Regarding scene prompt modulator, given the firstiInput to layer encoder
Figure SMS_48
Wherein->
Figure SMS_49
Is the firsti-Target template feature output by layer 1 encoder, < +.>
Figure SMS_50
Is the firsti-The 1-layer encoder outputs the search area characteristics, and the basic key ++can be obtained through linear mapping>
Figure SMS_51
Inquiry->
Figure SMS_52
Value->
Figure SMS_53
The formula is as follows:
Figure SMS_54
Figure SMS_55
Figure SMS_56
wherein, the liquid crystal display device comprises a liquid crystal display device,
Figure SMS_59
representation layer normalization->
Figure SMS_66
For key map parameters, ++>
Figure SMS_69
For querying the mapping parameters->
Figure SMS_57
For the value mapping parameters, in the naive transducer, the bond +.>
Figure SMS_61
Inquiry->
Figure SMS_65
Value->
Figure SMS_67
The dependence between all pixels is built up indifferently as input to the multi-headed attention. Such an operation may cause a complex background to be falsely enhanced, thereby limiting the discrimination of the features. For this purpose, the present disclosure uses dynamically acquired scene prompt +.>
Figure SMS_58
And->
Figure SMS_62
A corresponding adaptive prompt is generated for each pixel that contains scene specific knowledge to discriminate against the background. Given a given
Figure SMS_64
Wherein->
Figure SMS_68
For the number of target template image blocks, the adaptive prompt comprises a template adaptive prompt +.>
Figure SMS_60
Adaptive prompt to search area +.>
Figure SMS_63
Expressed as:
Figure SMS_70
;/>
Figure SMS_71
wherein, the liquid crystal display device comprises a liquid crystal display device,
Figure SMS_72
representing the target area in the template image.

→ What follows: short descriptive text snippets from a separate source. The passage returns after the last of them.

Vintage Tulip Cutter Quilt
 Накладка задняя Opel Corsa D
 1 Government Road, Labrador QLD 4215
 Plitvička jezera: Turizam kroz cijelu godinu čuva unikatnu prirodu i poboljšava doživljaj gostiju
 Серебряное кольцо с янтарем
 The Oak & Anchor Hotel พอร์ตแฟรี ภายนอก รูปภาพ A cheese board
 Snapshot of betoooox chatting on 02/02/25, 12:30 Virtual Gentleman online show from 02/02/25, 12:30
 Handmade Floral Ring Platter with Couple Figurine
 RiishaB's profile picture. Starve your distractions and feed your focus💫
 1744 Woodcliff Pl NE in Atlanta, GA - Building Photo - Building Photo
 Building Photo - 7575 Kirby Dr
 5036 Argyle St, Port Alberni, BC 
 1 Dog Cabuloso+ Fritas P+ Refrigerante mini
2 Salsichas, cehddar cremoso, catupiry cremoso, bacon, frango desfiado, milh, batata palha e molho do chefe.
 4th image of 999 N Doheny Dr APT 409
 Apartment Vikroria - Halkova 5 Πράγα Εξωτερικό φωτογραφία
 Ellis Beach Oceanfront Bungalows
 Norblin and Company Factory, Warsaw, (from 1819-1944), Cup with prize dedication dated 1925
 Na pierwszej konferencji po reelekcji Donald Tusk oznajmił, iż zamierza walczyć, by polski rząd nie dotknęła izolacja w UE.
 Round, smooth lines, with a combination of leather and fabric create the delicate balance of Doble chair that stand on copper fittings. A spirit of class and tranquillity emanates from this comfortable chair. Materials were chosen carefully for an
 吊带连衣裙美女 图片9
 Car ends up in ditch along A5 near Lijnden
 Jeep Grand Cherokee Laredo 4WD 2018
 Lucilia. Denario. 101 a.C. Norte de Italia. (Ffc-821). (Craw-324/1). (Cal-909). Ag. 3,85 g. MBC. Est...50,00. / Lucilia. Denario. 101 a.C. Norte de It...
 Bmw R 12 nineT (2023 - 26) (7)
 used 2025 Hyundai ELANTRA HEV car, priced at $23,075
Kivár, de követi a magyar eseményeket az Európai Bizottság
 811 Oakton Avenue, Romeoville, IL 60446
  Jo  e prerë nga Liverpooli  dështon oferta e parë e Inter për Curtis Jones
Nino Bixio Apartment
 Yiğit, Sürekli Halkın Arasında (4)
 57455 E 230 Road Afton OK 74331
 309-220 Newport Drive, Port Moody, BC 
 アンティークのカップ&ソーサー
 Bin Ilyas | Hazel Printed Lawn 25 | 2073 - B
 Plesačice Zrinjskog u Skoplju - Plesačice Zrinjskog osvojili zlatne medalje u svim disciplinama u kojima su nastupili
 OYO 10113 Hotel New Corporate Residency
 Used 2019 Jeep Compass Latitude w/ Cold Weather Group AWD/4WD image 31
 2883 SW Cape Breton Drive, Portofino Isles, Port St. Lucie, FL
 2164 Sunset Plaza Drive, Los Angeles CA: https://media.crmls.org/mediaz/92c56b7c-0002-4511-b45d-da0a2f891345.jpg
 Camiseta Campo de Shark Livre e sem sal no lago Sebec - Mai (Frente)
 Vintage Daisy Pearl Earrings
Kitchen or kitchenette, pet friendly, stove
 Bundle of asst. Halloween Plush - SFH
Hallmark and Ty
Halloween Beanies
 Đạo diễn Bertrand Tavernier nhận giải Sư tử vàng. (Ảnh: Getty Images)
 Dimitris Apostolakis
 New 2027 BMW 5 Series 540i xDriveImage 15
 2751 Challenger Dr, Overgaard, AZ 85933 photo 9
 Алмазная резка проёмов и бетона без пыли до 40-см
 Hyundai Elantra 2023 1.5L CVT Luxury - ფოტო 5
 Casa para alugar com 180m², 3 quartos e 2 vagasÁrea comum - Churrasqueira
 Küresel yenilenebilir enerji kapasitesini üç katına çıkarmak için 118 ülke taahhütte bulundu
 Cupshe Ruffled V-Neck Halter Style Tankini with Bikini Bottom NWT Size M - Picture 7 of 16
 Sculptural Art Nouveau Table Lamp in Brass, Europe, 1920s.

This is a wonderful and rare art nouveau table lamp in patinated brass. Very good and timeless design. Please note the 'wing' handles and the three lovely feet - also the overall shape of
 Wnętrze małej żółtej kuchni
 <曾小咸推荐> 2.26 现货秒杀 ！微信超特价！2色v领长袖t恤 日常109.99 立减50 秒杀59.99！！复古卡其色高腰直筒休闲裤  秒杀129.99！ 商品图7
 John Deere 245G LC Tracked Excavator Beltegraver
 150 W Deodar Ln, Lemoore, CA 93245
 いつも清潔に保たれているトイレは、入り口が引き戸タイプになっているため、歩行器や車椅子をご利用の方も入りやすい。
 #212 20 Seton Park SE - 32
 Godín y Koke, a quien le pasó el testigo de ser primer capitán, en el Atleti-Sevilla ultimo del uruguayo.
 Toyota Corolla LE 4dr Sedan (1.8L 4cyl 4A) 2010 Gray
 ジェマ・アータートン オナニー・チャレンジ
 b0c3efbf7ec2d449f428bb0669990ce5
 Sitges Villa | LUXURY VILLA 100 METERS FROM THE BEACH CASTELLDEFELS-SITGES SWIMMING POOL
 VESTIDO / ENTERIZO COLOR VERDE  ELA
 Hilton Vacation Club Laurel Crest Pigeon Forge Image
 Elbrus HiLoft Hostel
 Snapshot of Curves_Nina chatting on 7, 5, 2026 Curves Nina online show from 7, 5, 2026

Thereafter, adaptive hints
Figure SMS_73
Is mapped for modulating keys and queries as follows:
Figure SMS_74
Figure SMS_75
wherein, the liquid crystal display device comprises a liquid crystal display device,
Figure SMS_76
for the key modulated with the reminder +.>
Figure SMS_77
For a prompt modulated query,
Figure SMS_78
for the linear mapping parameter(s),Cfor the feature dimension of the adaptive hints, +.>
Figure SMS_79
For the feature dimensions of the key and query,Rrepresenting the real number domain. In this way, the scene prompt may instruct the attention mechanism to learn scene-aware features to discriminate the context. Finally, the firstiOutput of layer encoder->
Figure SMS_80
Can be expressed as:
Figure SMS_81
Figure SMS_82
wherein, the liquid crystal display device comprises a liquid crystal display device,
Figure SMS_83
for intermediate features->
Figure SMS_84
Is a value.
With respect to the target estimation head, as shown in FIG. 1, updated search region features
Figure SMS_85
The target frame regression header and IoU regression header (or score header) are input to perform target state estimation and frame quality estimation.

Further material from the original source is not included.